▸ **Problem description**
A faithful, word-for-word copy of the data below is required, without pictures.

▸ **Data segment**
━━━━━━

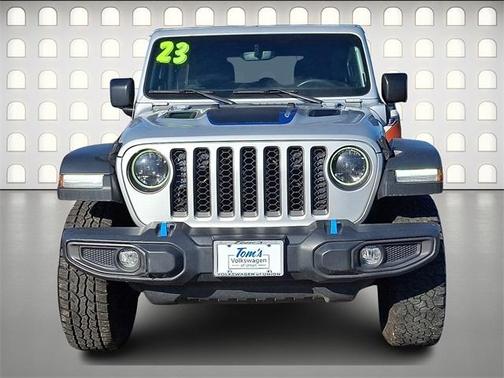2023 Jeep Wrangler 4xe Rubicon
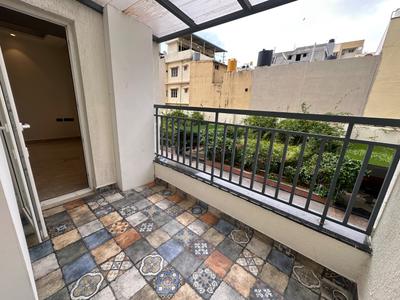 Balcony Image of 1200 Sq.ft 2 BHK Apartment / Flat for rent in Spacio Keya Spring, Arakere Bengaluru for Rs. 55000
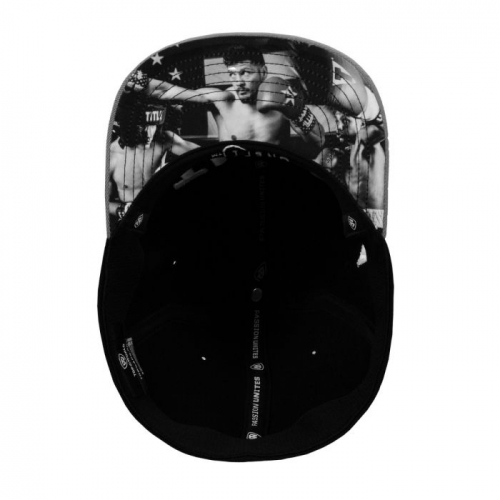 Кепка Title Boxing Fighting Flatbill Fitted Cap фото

━━━━━━

▸ **Solution**
2023 Jeep Wrangler 4xe Rubicon
 Balcony Image of 1200 Sq.ft 2 BHK Apartment / Flat for rent in Spacio Keya Spring, Arakere Bengaluru for Rs. 55000
 Кепка Title Boxing Fighting Flatbill Fitted Cap фото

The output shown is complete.